Adalberto Campos Fernandes, ministro da saúde de 2015 a 2018, deu a 8 de janeiro (2025), uma entrevista ao Jornal público em que coloca várias questões (e propostas de resposta) relevantes.

Primeiro, a necessidade de repensar o que significa o Serviço Nacional de Saúde (SNS) assegurar o acesso a cuidados de saúde na combinação de prestação direta própria (pública, via SNS) e de contratação (e/ou aquisição) de serviços ao sector privado (com ou sem fins lucrativos). Não há referência à revisão de papel do SNS enquanto mecanismo garante de proteção financeira. permanecendo por isso sem contestação a ideia do SNS financiado por impostos como instrumento central de proteção financeira, aliás como estabelecido na Constituição da República Portuguesa. E a revisão desta combinação é vista como levando diversos anos a concretizar, indo além de uma legislatura de 4 anos. Relativamente a este ponto, embora entendendo que seja natural a proposta avançada de um pacto político para a saúde como forma de dar estabilidade à “reforma” de vários anos, creio que se pode pensar numa alternativa- encarar a transformação necessária como um processo permanente de aprendizagem e ajustamento do SNS. É uma forma de reconhecer que qualquer reforma pensada hoje estará provavelmente desatualizada quando terminar a sua implementação. Daí que surge como mais interessante, a meu ver, a noção de aprendizagem e ajustamento regular (pensado em permanência no que deve ser), numa lógica de construção de um sistema de saúde e de um serviço Nacional de Saúde resilientes. Importa por isso fazer uma definição de mecanismos de ajuste contínuo do SNS (por exemplo, um departamento de estudos e de aprendizagem permanente na ACES, ou na DE-SNS, de no próprio ministério da Saúde) em vez de um pacto para a saúde. Claro que as duas ideias não são mutuamente exclusivas.
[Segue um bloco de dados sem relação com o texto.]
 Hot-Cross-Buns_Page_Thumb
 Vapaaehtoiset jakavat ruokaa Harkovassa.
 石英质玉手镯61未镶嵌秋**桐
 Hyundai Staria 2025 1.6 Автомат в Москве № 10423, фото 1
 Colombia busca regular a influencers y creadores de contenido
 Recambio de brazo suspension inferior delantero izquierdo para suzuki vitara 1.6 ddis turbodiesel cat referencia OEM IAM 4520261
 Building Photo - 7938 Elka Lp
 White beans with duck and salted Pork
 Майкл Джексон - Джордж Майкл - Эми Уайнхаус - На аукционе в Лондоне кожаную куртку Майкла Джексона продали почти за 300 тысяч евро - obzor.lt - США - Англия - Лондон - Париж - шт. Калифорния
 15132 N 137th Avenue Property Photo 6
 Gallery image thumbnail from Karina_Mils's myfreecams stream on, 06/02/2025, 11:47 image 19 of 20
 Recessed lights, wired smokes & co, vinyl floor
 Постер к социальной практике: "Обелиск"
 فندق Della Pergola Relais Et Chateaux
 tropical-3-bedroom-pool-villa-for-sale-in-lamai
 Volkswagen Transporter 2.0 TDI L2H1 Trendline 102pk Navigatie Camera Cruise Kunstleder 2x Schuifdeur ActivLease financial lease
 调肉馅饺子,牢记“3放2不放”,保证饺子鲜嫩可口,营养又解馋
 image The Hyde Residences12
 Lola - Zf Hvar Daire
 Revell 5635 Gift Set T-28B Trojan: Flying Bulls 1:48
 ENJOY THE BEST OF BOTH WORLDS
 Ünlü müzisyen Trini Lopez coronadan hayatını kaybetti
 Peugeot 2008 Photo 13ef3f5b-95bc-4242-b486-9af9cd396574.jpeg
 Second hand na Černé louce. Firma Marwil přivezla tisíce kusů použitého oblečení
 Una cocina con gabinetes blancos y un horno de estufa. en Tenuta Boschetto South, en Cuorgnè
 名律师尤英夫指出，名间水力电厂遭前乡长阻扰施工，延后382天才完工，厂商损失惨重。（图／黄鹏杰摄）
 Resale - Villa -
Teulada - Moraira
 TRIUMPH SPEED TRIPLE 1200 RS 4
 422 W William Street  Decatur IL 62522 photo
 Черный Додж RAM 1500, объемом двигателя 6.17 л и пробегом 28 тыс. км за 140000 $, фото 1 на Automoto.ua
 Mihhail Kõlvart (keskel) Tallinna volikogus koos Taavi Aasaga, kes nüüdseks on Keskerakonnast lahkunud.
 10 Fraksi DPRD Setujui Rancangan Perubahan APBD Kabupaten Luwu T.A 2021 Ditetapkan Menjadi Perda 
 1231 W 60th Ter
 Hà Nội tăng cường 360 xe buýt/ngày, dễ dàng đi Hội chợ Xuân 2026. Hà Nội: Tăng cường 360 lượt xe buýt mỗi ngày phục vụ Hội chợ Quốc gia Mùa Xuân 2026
O segundo grande tema do artigo é o papel da DE-SNS – Direção Executiva do SNS (incluindo a possibilidade da sua extinção). Ora, quanto à DE-SNS, partilho a visão expressa em documento elaborado há poucos anos pelo Health Cluster Portugal, onde se detalha um papel claro de organização e e de gestão para a DE-SNS. O problema atual da DE-SNS não está propriamente na sua existência. Está na ambiguidade de relacionamento que existe dentro do sector público da saúde, com funções repartidas entre ACSS, DE-SNS, SPMS e Ministério da Saúde (por exemplo, as negociações salariais e de condições de trabalho com os sindicatos das profissões de Saúde). As múltiplas “articulações” a estabelecer entre entidades, e as várias consultas, nos processos de decisão, de umas entidades a outras tendem a criar ambiguidade de responsabilidade de decisão e maias morosidade na decisão. É como se uma empresa de grande dimensão se decidisse separar em várias, ficando uma com o CEO (e COO (Chief operating officer)), outra com o CFO (Chief financial officer), outra com o CIO (Chief information officer), etc. Há uma clara necessidade de estabelecer processos de decisão mais escorreitos e sem dúvidas sobre que decisões pertencem a que entidade. Também julgo central que a DE-SNS assuma a realização de explicitar que caminho se pretende seguir na organização das unidades de prestação de cuidados de saúde do SNS, criando os documentos que sirvam de guia estratégico para as Unidades Locais de Saúde (afinal estas são a unidade fundamental em termos da prestação de cuidados de saúde), tendo em conta a sua autonomia de gestão. Precisam de ter um quadro orientador para a definição das suas estratégias próprias. O estabelecer a estratégia global, dentro da visão que seja estabelecida pelo Ministério da Saúde, e a sua comunicação efectiva às ULS deverá ter primazia, na atuação da DE-SNS, face à micro gestão das ULS. Um exemplo dessa micro gestão é ser a DE-SNS a controlar (ou a definir diretamente/ escolas de urgência hospitalar (tarefa que deverá ser realizada por cada ULS). Assim, antes de avançar para uma decisão de extinção da DE-SNS, será de lhe dar o quadro de atuação adequado. As dúvidas levantadas por Adalberto Campos Fernandes têm toda a razão de ser, e é necessário haver uma (re)definição de responsabilidades, incluindo a de condução (explicitação e comunicação) de uma estrátégia para a rede de unidades de prestação de cuidados de saúde que faz parte do SNS. 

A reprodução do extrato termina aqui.